Mr. Zelikson held various positions with the USEPA in both San Francisco and New York and with the New Jersey Department of Environmental Protection and Esso Research and Engineering Company (now Exxon).
- Mr. Zelikson provided executive level direction for Superfund, hazardous waste compliance/enforcement/permitting, PCB and asbestos compliance and enforcement activities, underground storage tanks, emergency response, municipal solid waste and pollution prevention activities for USEPA’s Western Region, encompassing California, Arizona, Nevada and Hawaii. He led a staff of more than 300 with a budget in excess of $100 million/year.
- His team consistently led the nation in the percentage of Superfund sites cleaned up by private parties.
- He developed the largest and most effective program in the nation for managing cleanup activities at operating and closing military bases. This program effectively balanced cleanup and economic/transition issues to allow for productive nonmilitary uses of the closing bases.

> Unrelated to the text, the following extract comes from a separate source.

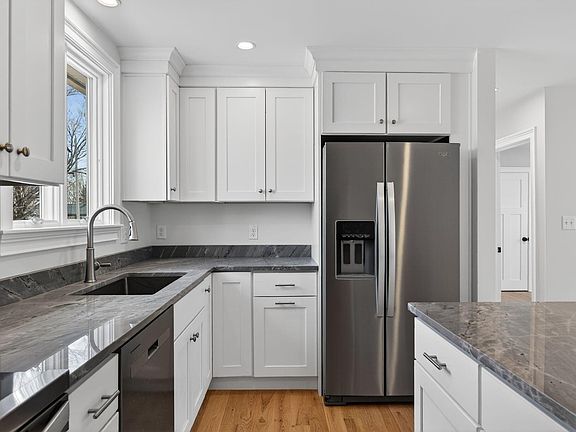 5th image of 2 Labonte Avenue E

- He organized and provided direction to achieve the greatest success in the nation for cleanup of a cluster of Superfund sites in Silicon Valley, California. The cleanups were carried out with a minimum of transaction costs as well as unprecedented cooperation between the USEPA, the state of California regulatory agencies and the private companies involved.

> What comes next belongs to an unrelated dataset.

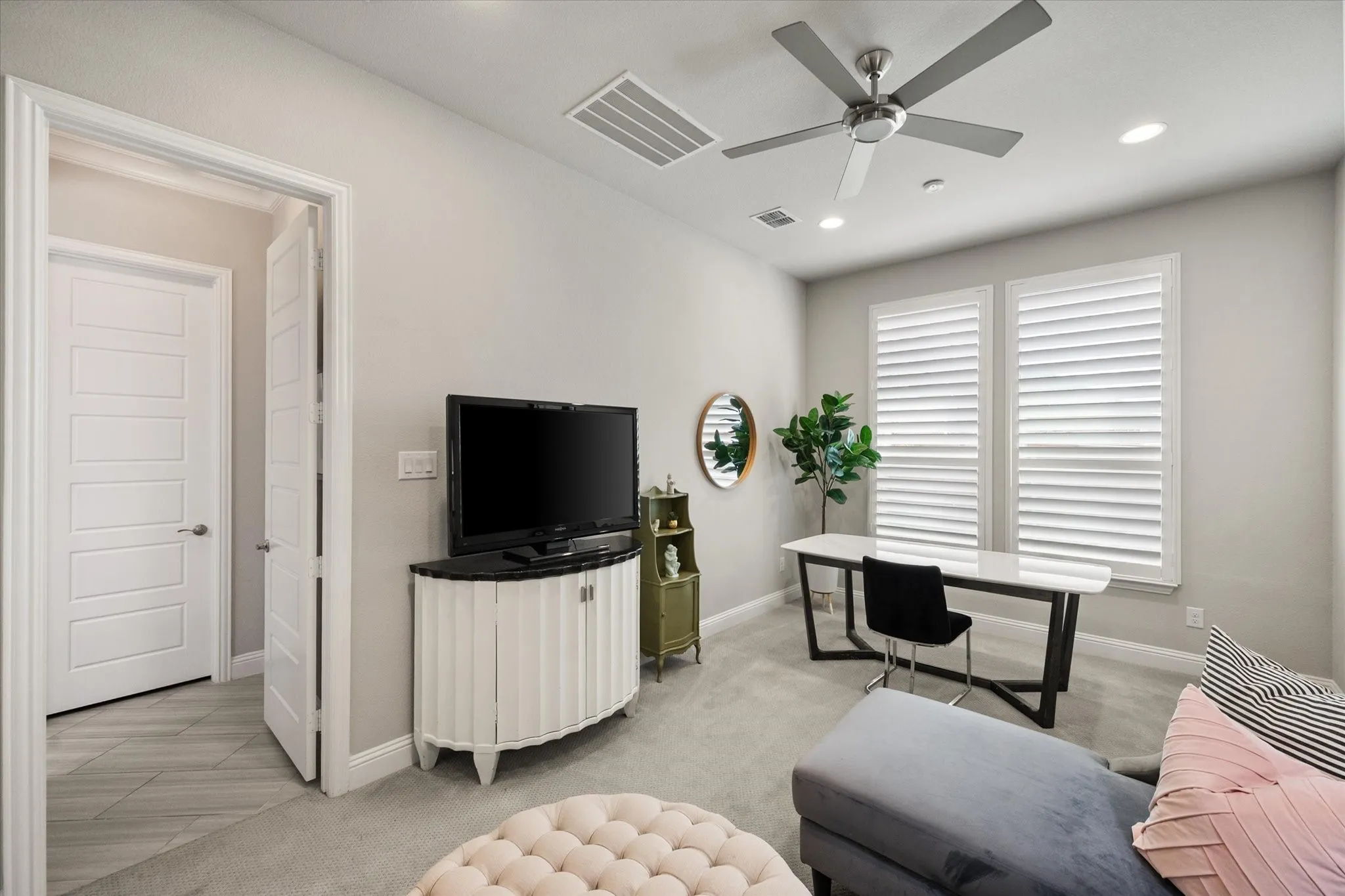 Single Family Residence For Sale in Tarrant County , 3584 Plum Vista Place, Arlington, Texas 76005, 3 Bedroom, 4 Bathroom, 2 Garage spaces, 3,393 Sqft, built in 2017, mls#21398023, Real Estate Agent in Arlington, Homes For Sale in Tarrant county, Homes For Sale in Arlington, Realtor in Arlington Texas, Real Estate Brokerage Independent Realty Texas, Luminita Cordes Realtor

- In USEPA’s New York Regional Office, Mr. Zelikson was responsible for day-to-day management and direction of field inspection and laboratory services for air, water and hazardous waste activities including emergency response. He also managed an effective ocean-sampling program using helicopters.
- As Director of New Jersey’s Water Resources Division, Mr. Zelikson was responsible for directing a staff of 750 engaged in sewerage facilities planning and construction, water supply planning and operations, water enforcement and permitting, drinking water protection, wetlands and floodplain management activities.
- Mr. Zelikson directed the construction of more than $3 billion in sewerage facilities, which restored water quality to New Jersey shoreline previously degraded from sewage outfalls.
- He served as spokesperson before the state legislature, media and communities.
- Mr. Zelikson designed petrochemical facilities for the foreign affiliates of the Exxon Corp., the world’s largest oil company, which included:
- The design of product loading and blending facilities for a refinery in Argentina.
- The design of tankage and oil recovery facilities for a refinery in Thailand.
- On-site project management assignments in the Netherlands and in Aruba.
- For a major Southwest utility company, Mr. Zelikson assisted in negotiations and settlement of a civil penalty action with USEPA.
EDUCATION
Mr. Zelikson received a B.S. in mechanical engineering from the City University of New York and has completed graduate courses in mechanical engineering at Stevens Institute of Technology. He also holds professional engineering licenses from the states of New York and New Jersey.
PUBLICATIONS
“CERCLA Quality Over CERCLA Quantity: The Sensible Path for Assessing NCP Consistency,” with Robert P. Dahlquist and Lisa A. Fitzgibbon, Chemical Waste Litigation Reporter (June 1997).